Chances are, when you read the word “meditation” the following image springs to mind: a person sat cross legged in lotus position, finger and thumb touching, wearing a blissful expression and humming “om.”
You probably also feel that you don’t have the time, energy or inclination to fold yourself into a pretzel while desperately trying to feel euphoric because someone on the internet told you to.
That isn’t what this blog post is about.
Chances are, you already know all the benefits of meditation and you possibly have a big fat “should” hanging over your head about it. “I should meditate more.” “I should meditate for longer.” “I should be better at meditating.”
So this post won’t tell you what you already know. What it will tell you is how to squeeze little pockets of meditation into your daily life, which you can build and improve on over time – if you want to.
This is one of those daily tasks we all have to do: at worst we hate it, at best we tolerate it, but let me tell you – this is the perfect opportunity for a fifteen minute meditation.
While the water runs, gaining warmth, begin to even your breathing. Take deep breaths into your tummy.
As you go through the motions of washing up – filling the sink, adding the soap, scrubbing the pots – try to be as aware as possible of the physical sensations of what you are doing. Is the soap bottle heavy? Is the warm water comforting? Try not to catalogue what you’re feeling – just feel it! Each time you find your mind wandering, gently bring your attention back to what you’re doing, and the sensation of your breath.
Even if you only wash up your breakfast bowl and coffee cup, these few minutes can be a fulfilling meditation if they’re done mindfully.

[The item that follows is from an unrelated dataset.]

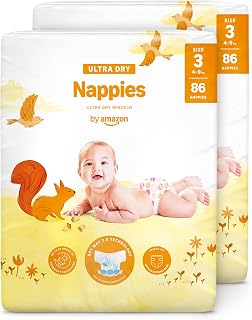 By Amazon Ultra Dry Nappies Size 3 (4-9 kg), with Air Channels, White, 172 Units (2 Packs of 86) - New Version (Formerly a Mama Bear Brand, Same Product)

How long is your commute? However long it is, there’s enough time to squeeze in a meditation!
If you use public transport, download a piece of instrumental music that you know is shorter than the journey (even five minutes is enough). Put it on to your phone or mp3 player and once you’ve found a seat (and your bag is safe in your lap), put in your headphones, allow your gaze to soften (or your eyes to close, if you’re brave) and breathe.
Take slow deep breaths and ensure that your exhalations are slightly longer than your inhalations. Once the music stops, so does your meditation – and I bet you haven’t missed your stop!
Do you drive? Greet each red light as an opportunity rather than a frustration. Watch the light and breathe deeply, hear the sounds of the road around you but don’t hold on to them. Focus on the sensation of the wheel beneath your hands. Even if you can only mindfully take a breath or two before the light turns green, it still counts as a successful meditation!
In a world where gadgets beep for our attention almost continuously and so many of us take our work home, switching our minds off at the end of the day can be tricky! Use the peace and quiet of bedtime to help you fall asleep more deeply and sweetly.
Lie flat on your back, with your head supported by your pillow. Hold your feet hip width apart and your palms up at your sides – if you want to, you can place a pillow or a blanket underneath your knees. This is the easiest yoga position you can ever do: Savasana. Breathe in – feel your ribs rise, followed by your belly.
Breathe out – feel your belly hollow, your ribs fall and your body weight settle more comfortably into the bed beneath you. Bring your awareness to any tension in your body – jaws, lips and forehead are popular spots – and mindfully relax. Exhale for slightly longer than you inhale – it can be beneficial to count. Allow yourself to gently, softly fall asleep.
Meditation doesn’t have to be a daunting practice that dictates our day; instead, allow it to fill the gaps and spaces in your schedule like water fills the cracks between pebbles. We can’t all be yogis, but we can all be a little happier and a little more peaceful.